Six Brazilian cities: Brasilia, Belo Horizonte, Fortaleza, Recife, Rio and Salvador are hosting the two-week soccer tournament, expected to attract some 355,000 Brazilians and foreign tourists.
Brazil, winner of the previous edition in South Africa in 2009, has this year dropped to a new low of 22nd in the rankings of world football’s governing body FIFA.
Three days before the start of the Confederations Cup and exactly a year before the World Cup kickoff, FIFA Secretary General Jerome Valcke dismissed concerns that Brazil will not be ready for the bigger tournament.
Flanked by football great Pelé, who urged Brazilian fans to stand unified behind their still evolving national team, Valcke unveiled a clock in Rio de Janeiro counting down the days until the World Cup starts.
Valcke said that 12 months is enough time to finish work at airport terminals and the 12 stadiums that will play host to the event.
Aldo Rebelo, Brazil’s sports minister, has said repeatedly that the stadiums will be completed by a December deadline.
“That is going to happen,” Valcke said on Wednesday, echoing the comments by Rebelo, who was also at the unveiling of the clock.

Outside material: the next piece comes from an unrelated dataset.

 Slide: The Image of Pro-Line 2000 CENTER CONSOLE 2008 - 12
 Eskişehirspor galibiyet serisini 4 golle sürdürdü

“There is no Plan B. There is no solution other than having those 12 stadiums,” Valcke added.
Six of the stadiums, including in Rio, Brasília, Belo Horizonte and three cities in Brazil’s northeast, are mostly completed and are gearing up for the two-week Confederations Cup.
The smaller tournament, an eight-team competition that starts on Saturday, will serve as a World Cup warmup and will help organisers test facilities ahead of the marquee event.
Pelé urged Brazil fans, known for booing the national team for anything other than outright dominance on the field, to be patient.
The three-times World Cup winner said the team’s play is still a work in progress because the squad is predominantly made up of younger players including Neymar, the forward who recently joined Barcelona from Pele’s former club Santos.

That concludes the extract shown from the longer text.